Restore an etcd Cluster from a Backup

Use an existing backup of a healthy etcd cluster to restore an unhealthy cluster to a healthy state.

The commands in this procedure can be run on any Kubernetes master or worker node on the system.

Prerequisites

A backup of a healthy etcd cluster has been created.

Restore procedure

Etcd clusters can be restored using an automated script.

The automated script will restore the cluster from the most recent backup if it finds a backup created within the last 7 days. If it does not discover a backup within the last 7 days, it will ask the user if they would like to rebuild the cluster.

  • (ncn-mw#) Rebuild/restore a single cluster

    /opt/cray/platform-utils/etcd/etcd_restore_rebuild.sh -s cray-bss
    
  • (ncn-mw#) Rebuild/restore multiple clusters

    /opt/cray/platform-utils/etcd/etcd_restore_rebuild.sh -m cray-bss,cray-fas
    
  • (ncn-mw#) Rebuild/restore all clusters

    /opt/cray/platform-utils/etcd/etcd_restore_rebuild.sh -a
    

Example command and output

/opt/cray/platform-utils/etcd/etcd_restore_rebuild.sh -s cray-bss

Example output:

The following etcd clusters will be restored/rebuilt:

cray-bss

You will be accepting responsibility for any missing data if there is a
restore/rebuild over a running etcd k/v.
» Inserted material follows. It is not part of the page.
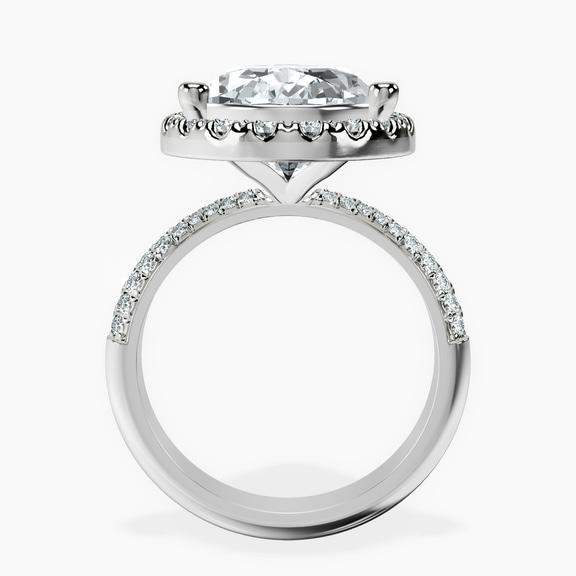 14kt White Gold Kathrine Halo Lab Diamond Ring side right image one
HPE assumes no responsibility.
Proceed restoring/rebuilding? (yes/no)
yes

Proceeding: restoring/rebuilding etcd clusters.

 ----- Restoring from cray-bss/db-2025-05-28_20-00 -----
Scaling etcd statefulset down to zero...
statefulset.apps/cray-bss-bitnami-etcd scaled
statefulset rolling update complete 0 pods at revision cray-bss-bitnami-etcd-7ccc4dd5cc...
Setting cluster state for cray-bss to 'new' and to start from snapshot
statefulset.apps/cray-bss-bitnami-etcd env updated
Deleting existing PVC's...
persistentvolumeclaim "data-cray-bss-bitnami-etcd-0" deleted
persistentvolumeclaim "data-cray-bss-bitnami-etcd-1" deleted
persistentvolumeclaim "data-cray-bss-bitnami-etcd-2" deleted
Scaling etcd statefulset back up to three members...
statefulset.apps/cray-bss-bitnami-etcd scaled
waiting for statefulset rolling update to complete 0 pods at revision cray-bss-bitnami-etcd-c766d98bf...
Waiting for 1 pods to be ready...
Waiting for 2 pods to be ready...
Waiting for 3 pods to be ready...
Waiting for 3 pods to be ready...
Waiting for 3 pods to be ready...
Waiting for 3 pods to be ready...
Waiting for 2 pods to be ready...
Waiting for 1 pods to be ready...
statefulset rolling update complete 3 pods at revision cray-bss-bitnami-etcd-c766d98bf...
Setting cluster state for cray-bss to back to 'existing'
statefulset.apps/cray-bss-bitnami-etcd env updated

Checking endpoint health.
cray-bss etcd cluster health verified from cray-bss-bitnami-etcd-1

Restore from a specific backup

The automated etcd_restore_rebuild.sh script always restores from the most recent backup within the last seven days. In situations where the most recent backup contains corrupted data, it may be necessary to restore from an older backup manually.

Use the etcd-util.sh script to list available backups and restore from a specific one.

List available backups

  1. (ncn-mw#) List all available backups for a cluster.

    Replace cray-bss with the name of the etcd cluster to list backups for.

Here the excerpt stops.